CONTENTS
| PAGE | |
| PROLOGUE | [17] |
| [CHAPTER I] | |
|---|---|
| “USQUE AB OVO” | [23] |
| [CHAPTER II] | |
| IN THE TWILIGHT | [48] |
| [CHAPTER III] | |
| THE NAVY-THAT-FLIES | [89] |
| [CHAPTER IV] | |
| “LEST WE FORGET” | [118] |
| [CHAPTER V] | |
| THE FEET OF THE YOUNG MEN | [156] |
| [CHAPTER VI] | |
| GIPSIES OF THE SEA | [164] |
| [CHAPTER VII] | |
| THE DAY--AND THE MORNING AFTER | [180] |
| [CHAPTER VIII] | |
| THE NAVY-UNDER-THE-SEA | [190] |
| [CHAPTER IX] | |
| THE PORT LOOK-OUT | [213] |
| [CHAPTER X] | |
| THE SURVIVOR | [220] |
| [CHAPTER XI] | |
| THE Nth BATTLE SQUADRON | [237] |
| [CHAPTER XII] | |
| MYSTERY | [257] |
| [CHAPTER XIII] | |
| THE SPIRIT OF THE FLEET | [273] |
| [CHAPTER XIV] | |
| THE EPIC OF ST. GEORGE’S DAY, 1918 | [289] |
| EPILOGUE | [308] |
ILLUSTRATIONS
PROLOGUE
Anyone familiar with the River Dart knows the Mill Creek. The hills on either side slope steeply down to the edge of the water, oak and beech and elm clustering thick on the one hand, red plough, green shoots, and golden corn-fields alternating on the other through all the changing seasons.
The creek is tidal, transformed at half-flood into a fair expanse of shimmering water; at low tide, however, it dwindles to a score of meagre channels winding tortuously through whale-backed mudbanks, the haunt of scurrying crabs and meditative heron.

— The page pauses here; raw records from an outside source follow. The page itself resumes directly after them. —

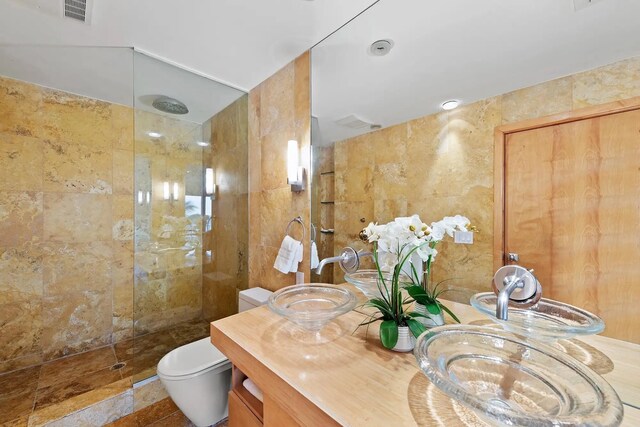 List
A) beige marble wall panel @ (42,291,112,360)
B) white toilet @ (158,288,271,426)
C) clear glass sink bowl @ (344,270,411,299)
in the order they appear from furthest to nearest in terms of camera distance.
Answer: beige marble wall panel @ (42,291,112,360) < white toilet @ (158,288,271,426) < clear glass sink bowl @ (344,270,411,299)

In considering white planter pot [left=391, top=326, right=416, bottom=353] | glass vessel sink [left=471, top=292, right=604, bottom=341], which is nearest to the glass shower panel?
white planter pot [left=391, top=326, right=416, bottom=353]

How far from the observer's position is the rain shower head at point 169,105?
78.6 inches

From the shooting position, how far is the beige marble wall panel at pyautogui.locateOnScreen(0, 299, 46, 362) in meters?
1.98

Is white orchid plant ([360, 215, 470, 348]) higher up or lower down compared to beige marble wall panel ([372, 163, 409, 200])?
lower down

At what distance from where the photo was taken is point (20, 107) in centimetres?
204

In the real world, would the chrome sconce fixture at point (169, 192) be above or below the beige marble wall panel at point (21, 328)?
above

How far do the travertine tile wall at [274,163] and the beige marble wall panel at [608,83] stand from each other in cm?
128

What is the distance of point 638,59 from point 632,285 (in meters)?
0.59

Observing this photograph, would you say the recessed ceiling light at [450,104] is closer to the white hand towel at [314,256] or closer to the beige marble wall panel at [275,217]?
the white hand towel at [314,256]

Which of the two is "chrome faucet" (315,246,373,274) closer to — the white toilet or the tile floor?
the white toilet

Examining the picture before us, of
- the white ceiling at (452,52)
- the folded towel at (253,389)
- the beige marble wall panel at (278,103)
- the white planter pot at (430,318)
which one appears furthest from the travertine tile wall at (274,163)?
the white planter pot at (430,318)

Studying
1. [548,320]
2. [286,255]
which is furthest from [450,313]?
[286,255]

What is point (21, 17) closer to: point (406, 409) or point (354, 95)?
point (354, 95)

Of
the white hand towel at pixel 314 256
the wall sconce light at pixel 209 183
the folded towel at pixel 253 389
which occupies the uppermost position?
the wall sconce light at pixel 209 183
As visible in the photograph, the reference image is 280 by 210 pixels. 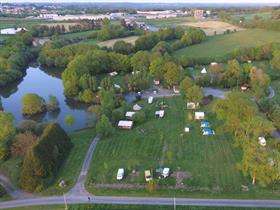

Here, one afternoon in midsummer some dozen years ago, came a gig (or, in local parlance, a “blue-boat”) manned by seven flannel-clad cadets from the Naval College. Six sat on the thwarts pulling lazily against the last of the ebb. The seventh sat in the stern, with the yoke-lines over his shoulders, refreshing himself with cherries out of a bag.
As they approached the shelving mudbanks, purple in the afternoon sunlight, the figure in the bows boated his oar and began to sound cautiously with his boathook. The remaining five oarsmen glanced back over their shoulders and continued paddling. The helmsman smiled tolerantly, as a man might smile at the conceits of childhood, but refrained from speech. They all knew the weakness of the bowman for dabbling in mud.